Source data:
○ ○ ○ ○ ○ ○ ○

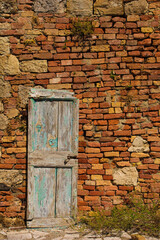 An old wooden door in a disused building in the historic medieval village of Crevole near Murlo in Siena Province, Tuscany, Italy
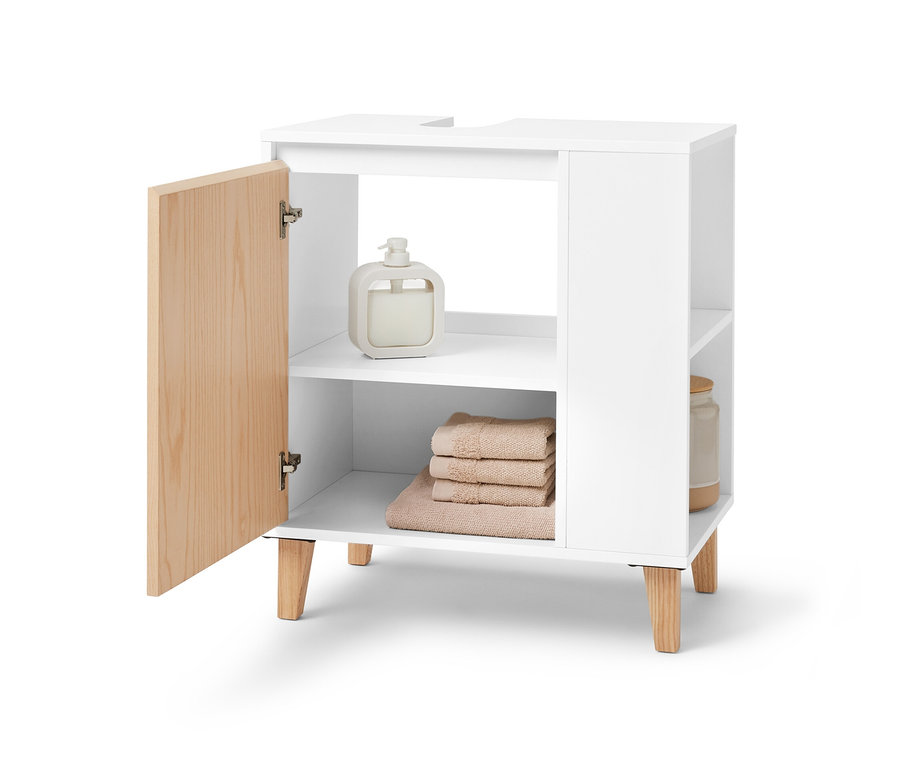 Otwarta, biała szafka pod umywalkę z boczną przegródką. Na półkach leżą ręczniki i dozownik mydła.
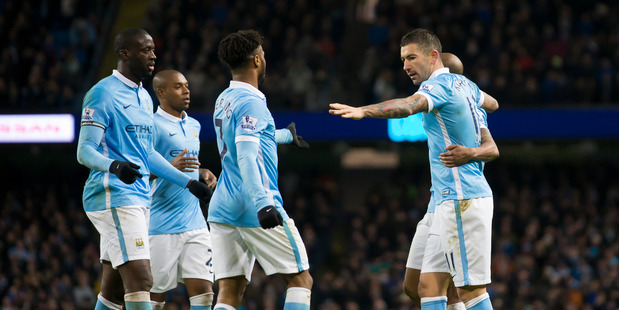 Manchester City's Aleksandar Kolarov right celebrates with teammates after scoring during the English Premier League soccer match between Manchester City and Southampton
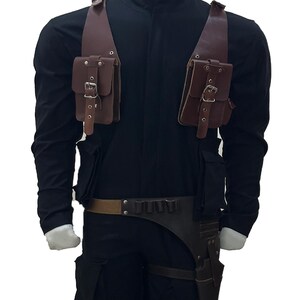 May include: A brown leather tactical harness with two shoulder pouches and a belt with a holster. The harness is worn over a black long-sleeve shirt and pants. The pouches and holster have silver buckles.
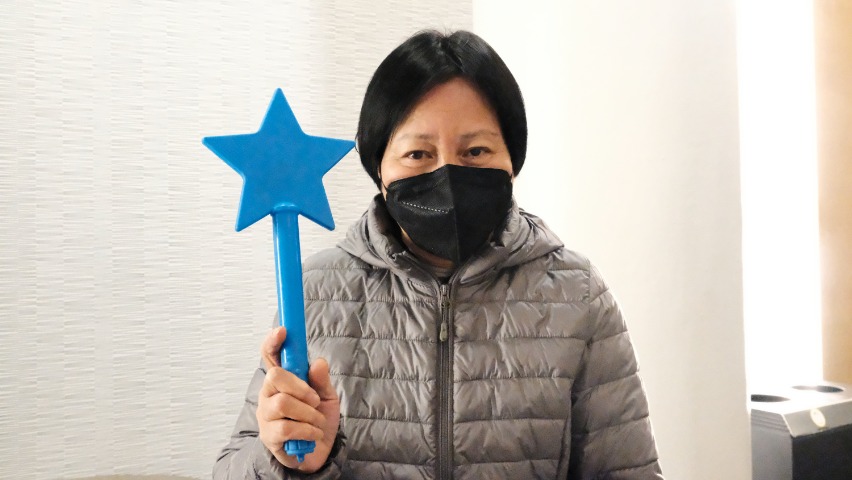 Audience Pamela Pan holding Tzu Chi NY 2022 Charity Concert blue star light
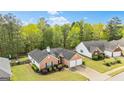 Single Gathering home featuring an attached garage and a well-kept lawn at 11970 Fairway Overlook, Fayetteville, GA 30215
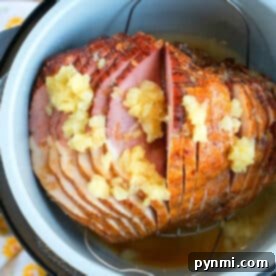 A spiral-cut ham with pineapple chunks and juice in a Ninja Foodi, ready to be cooked to perfection.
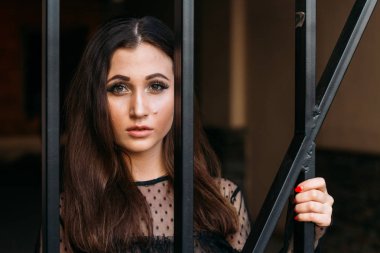 Genç, güzel bir kız portresi. Siyah elbiseli esmer siyah çubuklar ile kafes yakın duruyor. Onlara veriyor. Genç ve güzel kadın moda şık portresi duygusal portresi. Şehir portre. üzgün kız. esmer siyah elbise zekâ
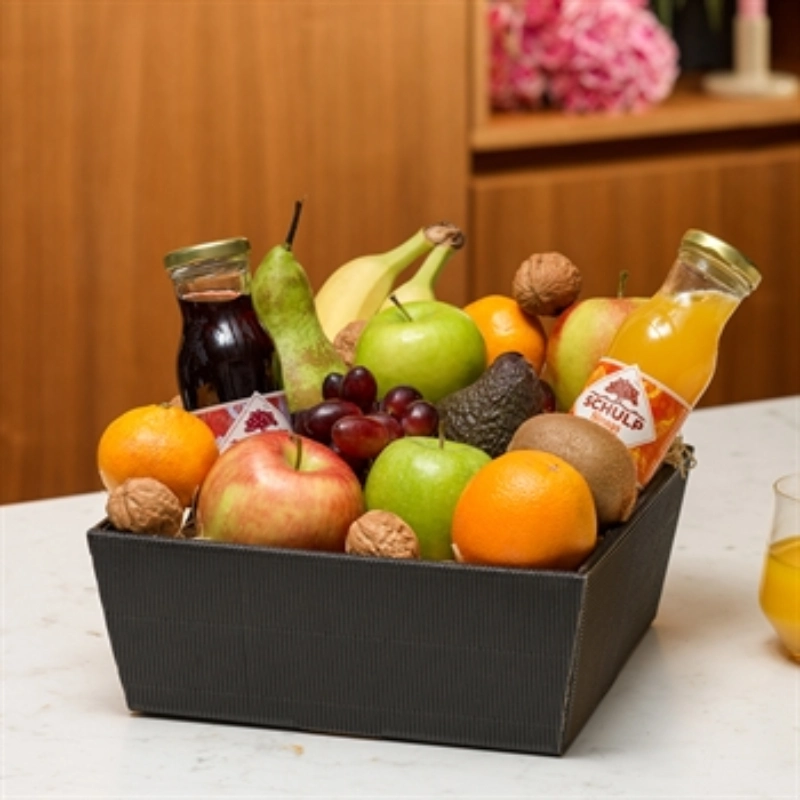 Luxe fruitmand met veel fruit, noten en twee flessen sap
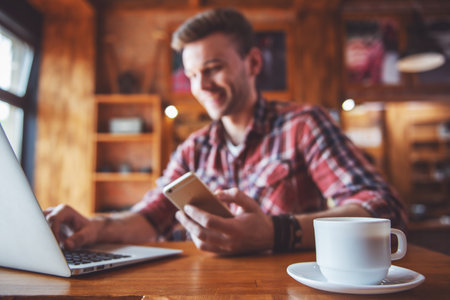 Cup of coffee on bar counter, in the background young businessman is using a laptop and smiling, sitting in a modern urban cafeの写真素材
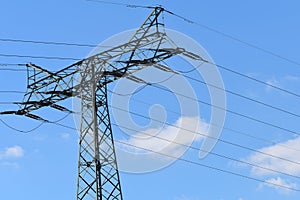 Electricity pylon with wires in front of blue sky with white clouds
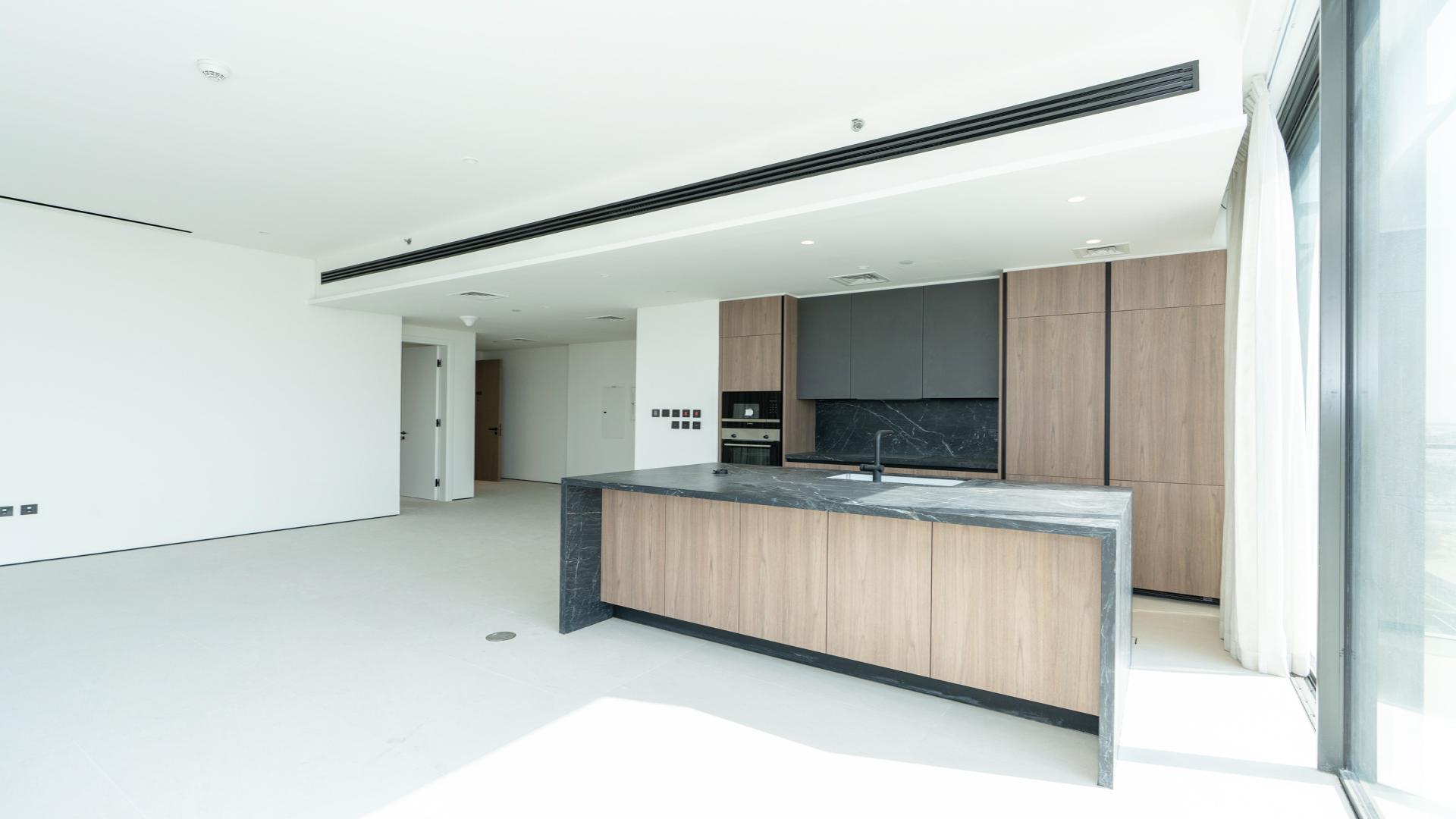 Modern kitchen in 3-bedroom apartment, Park Lane, Dubai Hills Estate, with sleek countertops and cabinetry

○ ○ ○ ○ ○ ○ ○

HOW TO COMPLETE THIS TASK: Only the lines from the line with "Audience Pamela Pan" through the closing line of the data, both included, should be set down, exactly as written and without pictures.

EXERCISE RESPONSE:
 Audience Pamela Pan holding Tzu Chi NY 2022 Charity Concert blue star light
 Single Gathering home featuring an attached garage and a well-kept lawn at 11970 Fairway Overlook, Fayetteville, GA 30215
 A spiral-cut ham with pineapple chunks and juice in a Ninja Foodi, ready to be cooked to perfection.
 Genç, güzel bir kız portresi. Siyah elbiseli esmer siyah çubuklar ile kafes yakın duruyor. Onlara veriyor. Genç ve güzel kadın moda şık portresi duygusal portresi. Şehir portre. üzgün kız. esmer siyah elbise zekâ
 Luxe fruitmand met veel fruit, noten en twee flessen sap
 Cup of coffee on bar counter, in the background young businessman is using a laptop and smiling, sitting in a modern urban cafeの写真素材
 Electricity pylon with wires in front of blue sky with white clouds
 Modern kitchen in 3-bedroom apartment, Park Lane, Dubai Hills Estate, with sleek countertops and cabinetry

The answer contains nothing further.